Selanjutnya adalah sukacita yang memancarkan ke sekelilingnya, bagi jemaahnya, bukan hanya bagi dirinya sendiri. Itu merupakan sukacita atas hal yang terjadi di sekitar dirinya, bagi jemaah yang dibimbingnya. “Bukan karena kami mau memerintahkan apa yang harus kamu percayai, karena kamu berdiri teguh dalam imanmu. Sebaliknya, kami mau turut bekerja untuk sukacitamu.” (2 Kor 1:24). Dalam suratnya kepada jemaah di Filipi ia melukiskan jemaah itu sebagai “sukacita dan mahkotaku” (Fil 4:1). Kita tidak boleh membayangkan bahwa jemaah di Filipi itu suatu jemaah ideal yang sempurna. Sebab dari suratnya kita mengetahui bahwa Paulus harus memohon dengan sangat, seakan-akan sambil berlutut, agar mereka jangan berselisih, jangan saling menyerang atau jangan terpecah-belah. “dengan tidak mencari kepentingan sendiri atau puji-pujian yang sia-sia. Sebaliknya hendaklah dengan rendah hati yang seorang menganggap yang lain lebih utama dari pada dirinya sendiri” (Fil 2:3). Dengan kata lain, dalam jemaah itu ada persaingan dan usaha mencari pujian yang sia-sia. Jemaah itu bukan jemaah mudah, karena memang menimbulkan problem-problem yang merepotkan. Meskipun begitu Paulus berhasil memandangnya sebagi sukacitanya, sebab ia mendapatkan anugerah pandangan iman yang melihat lebih jauh dari pada pertimbangan-pertimbangan yang bersifat pragmatis belaka, biasa dan rutin. Itu merupakan anugerah adikodrati, kuasa Roh yang selanjutnya berada dalam dirinya dalam tingkat yang unggul.
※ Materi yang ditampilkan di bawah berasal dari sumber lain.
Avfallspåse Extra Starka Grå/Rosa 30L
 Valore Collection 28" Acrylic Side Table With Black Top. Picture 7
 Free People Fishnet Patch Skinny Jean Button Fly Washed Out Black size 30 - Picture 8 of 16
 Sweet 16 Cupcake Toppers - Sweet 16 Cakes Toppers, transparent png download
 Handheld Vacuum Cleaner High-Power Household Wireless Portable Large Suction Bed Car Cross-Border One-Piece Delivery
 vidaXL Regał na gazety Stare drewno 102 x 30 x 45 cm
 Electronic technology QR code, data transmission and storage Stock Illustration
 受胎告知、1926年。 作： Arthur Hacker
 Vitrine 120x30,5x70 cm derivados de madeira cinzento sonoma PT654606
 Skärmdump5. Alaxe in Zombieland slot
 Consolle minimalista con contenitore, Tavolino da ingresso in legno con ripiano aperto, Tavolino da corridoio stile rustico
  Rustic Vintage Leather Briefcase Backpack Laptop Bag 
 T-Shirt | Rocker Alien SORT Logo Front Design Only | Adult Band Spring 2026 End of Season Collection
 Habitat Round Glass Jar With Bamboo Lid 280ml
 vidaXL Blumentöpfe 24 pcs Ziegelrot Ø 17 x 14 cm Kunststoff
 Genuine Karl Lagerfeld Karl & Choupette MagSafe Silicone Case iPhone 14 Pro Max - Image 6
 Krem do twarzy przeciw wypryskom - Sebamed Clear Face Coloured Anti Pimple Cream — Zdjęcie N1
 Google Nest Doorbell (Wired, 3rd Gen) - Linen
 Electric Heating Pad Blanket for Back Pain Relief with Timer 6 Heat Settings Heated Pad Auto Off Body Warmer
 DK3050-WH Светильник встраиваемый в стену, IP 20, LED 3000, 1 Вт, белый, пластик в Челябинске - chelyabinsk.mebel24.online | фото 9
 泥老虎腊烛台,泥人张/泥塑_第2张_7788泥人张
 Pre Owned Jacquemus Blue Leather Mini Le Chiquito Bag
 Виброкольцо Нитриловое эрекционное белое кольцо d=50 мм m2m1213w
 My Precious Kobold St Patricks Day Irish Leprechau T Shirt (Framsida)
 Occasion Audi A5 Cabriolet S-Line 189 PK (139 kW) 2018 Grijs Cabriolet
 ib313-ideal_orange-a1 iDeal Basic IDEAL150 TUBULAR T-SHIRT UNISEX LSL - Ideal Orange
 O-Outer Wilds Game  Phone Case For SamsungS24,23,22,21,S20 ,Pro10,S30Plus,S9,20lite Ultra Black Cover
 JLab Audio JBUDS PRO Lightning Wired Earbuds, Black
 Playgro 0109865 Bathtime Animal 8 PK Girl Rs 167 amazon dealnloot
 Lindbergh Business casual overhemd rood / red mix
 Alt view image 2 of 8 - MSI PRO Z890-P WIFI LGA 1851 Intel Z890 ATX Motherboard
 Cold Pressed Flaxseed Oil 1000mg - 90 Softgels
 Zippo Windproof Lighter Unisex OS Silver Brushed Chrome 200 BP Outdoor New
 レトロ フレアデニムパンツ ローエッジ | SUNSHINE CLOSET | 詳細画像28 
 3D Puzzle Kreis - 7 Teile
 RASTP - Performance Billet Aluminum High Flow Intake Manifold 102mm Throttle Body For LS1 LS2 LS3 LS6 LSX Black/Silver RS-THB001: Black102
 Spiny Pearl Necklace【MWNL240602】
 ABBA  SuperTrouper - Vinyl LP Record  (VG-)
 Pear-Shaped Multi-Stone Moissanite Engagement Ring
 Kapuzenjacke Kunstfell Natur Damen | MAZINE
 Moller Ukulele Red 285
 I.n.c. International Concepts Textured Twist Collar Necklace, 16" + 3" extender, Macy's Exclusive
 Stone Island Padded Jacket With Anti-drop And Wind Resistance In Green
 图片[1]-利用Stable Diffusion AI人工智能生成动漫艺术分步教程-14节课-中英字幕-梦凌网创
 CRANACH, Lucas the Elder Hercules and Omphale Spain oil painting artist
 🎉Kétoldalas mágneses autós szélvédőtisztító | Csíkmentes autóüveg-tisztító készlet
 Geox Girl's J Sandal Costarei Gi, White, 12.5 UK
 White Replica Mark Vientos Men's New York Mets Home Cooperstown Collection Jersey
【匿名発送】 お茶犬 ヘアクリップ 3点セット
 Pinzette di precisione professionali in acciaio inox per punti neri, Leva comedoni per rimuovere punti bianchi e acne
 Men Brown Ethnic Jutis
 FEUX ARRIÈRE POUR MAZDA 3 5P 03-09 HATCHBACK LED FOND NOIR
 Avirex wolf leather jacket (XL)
Sikap batin yang kedua yang menyusul yang pertama ialam kemampuan bersyukur. Ia menghimbau orang-orangnya supaya bersyukur kepada Bapa dengan sukacita (dan mengucap syukur dengan sukacita kepada Bapa, yang melayakkan kamu untuk mendapat bagian dalam apa yang ditentukan untuk orang-orang kudus di dalam kerajaan terang.- Kol 1:12). Memang ciri khas Rasul Paulus untuk menyatukan sukacita dengan ucapan syukur.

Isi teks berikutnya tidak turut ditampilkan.